These are the key concepts you need to understand to accurately answer the question.

Impulse
Impulse is a concept in physics that reflects the effect of a force acting over a period of time. When thinking about impulse, visualize a force pushing or pulling an object for some time, causing it to move. The longer the force acts or the stronger the force is, the greater the change in motion of the object. In technical terms, impulse is the product of a force (\( F \)) and the time duration (\( t \)) it acts, which can be expressed as:
  • Impulse (\( J \)) = Force (\( F \)) × Time (\( t \))
When a cue stick hits a pool ball as in our exercise, this action represents an impulse. The force applied by the stick over that brief moment when it contacts the ball results in the ball accelerating from rest.

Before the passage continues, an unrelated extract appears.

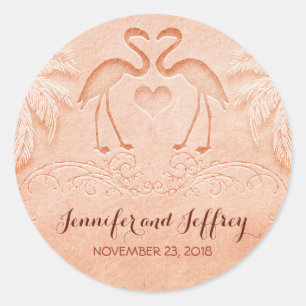 flamingo beach wedding classic round sticker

The impulse imparted by the cue stick is calculated as the change in momentum of the pool ball, which we determined using the formula above.

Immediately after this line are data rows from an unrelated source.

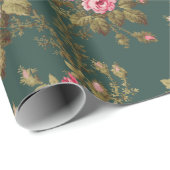 Elegante  Roze Rozen-Groene Achtergrond Cadeaupapier (Rol Hoek)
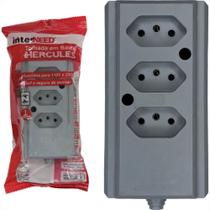 Tomada Barra Interneed 2P+T. Cinza 10A. Tripla Tomada Barra Interneed 2P+T. Cinza 10A. Tripla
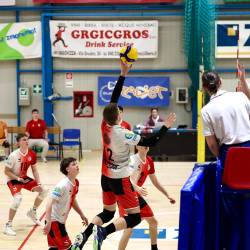 Odbojkarji SloVolleyja na današnji tekmi (TEDESCHI/FOTODAMJ@N)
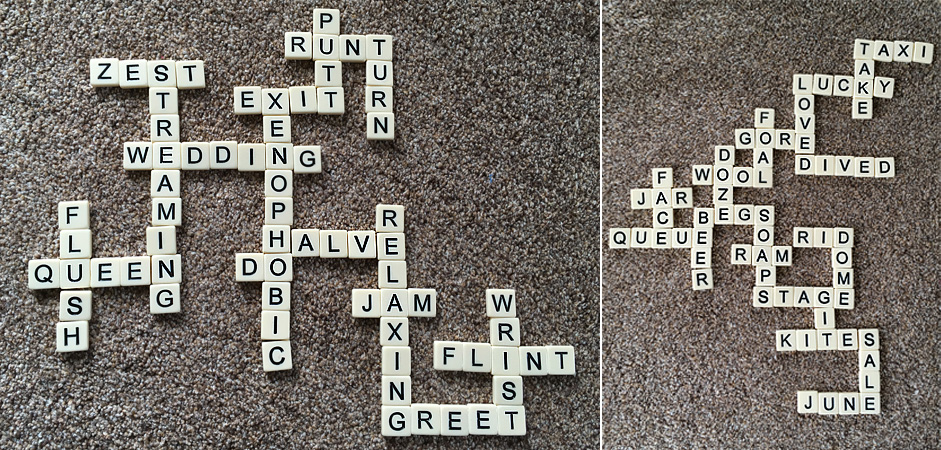 Examples of Bananagrams Word Grids, Image: Sophie Brown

Impulse is a helpful way to quantify the effects of a force in a short amount of time.
Momentum
Momentum is a fundamental concept in physics, symbolized as (\( p \)), often described as the "quantity of motion" of an object. It's a product of an object's mass (\( m \)) and its velocity (\( v \)), given by:
  • Momentum (\( p \)) = Mass (\( m \)) × Velocity (\( v \))

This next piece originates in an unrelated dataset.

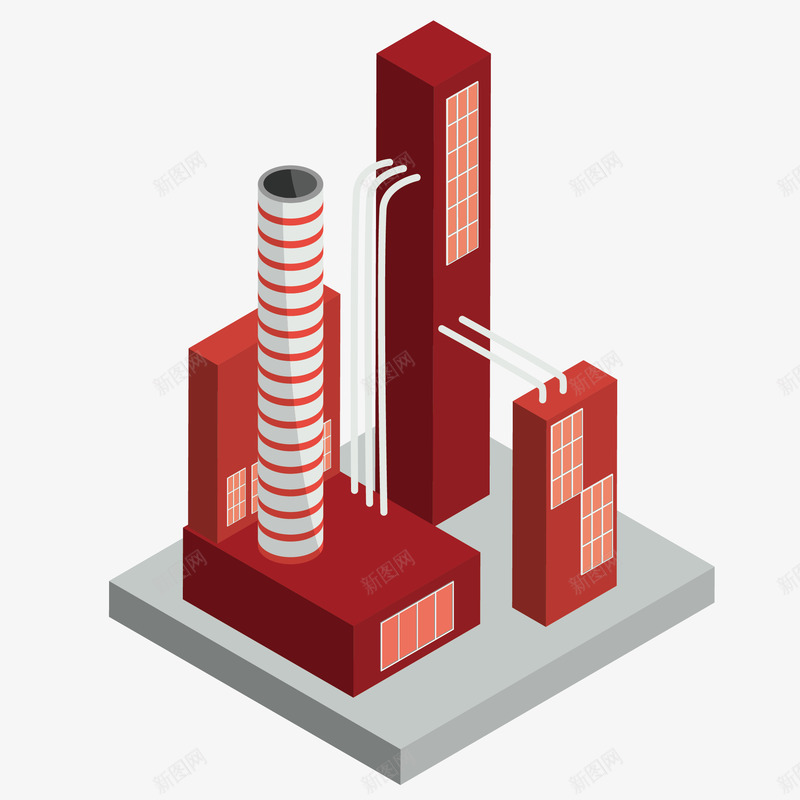 红色工业建筑物矢量图eps免抠素材_88icon https://88icon.com 创意 卡通 图案 小清新 工业 简约 精致 红色 装饰 矢量图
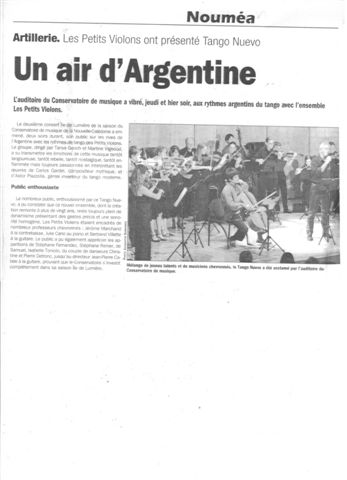 soir&eacute;e du  Tango au coservatoire de Noum&eacute;a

The larger the mass or velocity, the greater the momentum. In our pool ball scenario, we see the importance of this concept. Initially, the ball is at rest, meaning its momentum is zero. Yet, when the impulse acts on the ball (represented by the force of the cue stick), its momentum changes. The change in momentum is exactly what's equal to the impulse.
Momentum also reflects the conservation laws in physics - in isolated systems, the total momentum remains constant. This conservation law helps in solving many real-world mechanics problems, including understanding collisions and impacts.
Newtonian Mechanics
Newtonian Mechanics, or classical mechanics, is the foundation of describing motion in physical systems. This field is based on Newton's three laws of motion, which explain how forces affect the movement of objects. Statements about forces like those in our exercise find their basis here.
Specifically, Newton's second law connects directly to our discussion of impulse and momentum. It states that the rate of change of momentum of an object is proportional to the applied force, which can be formulated as:
  • Force (\( F \)) = Change in Momentum (\( \Delta p \)) / Change in Time (\( \Delta t \))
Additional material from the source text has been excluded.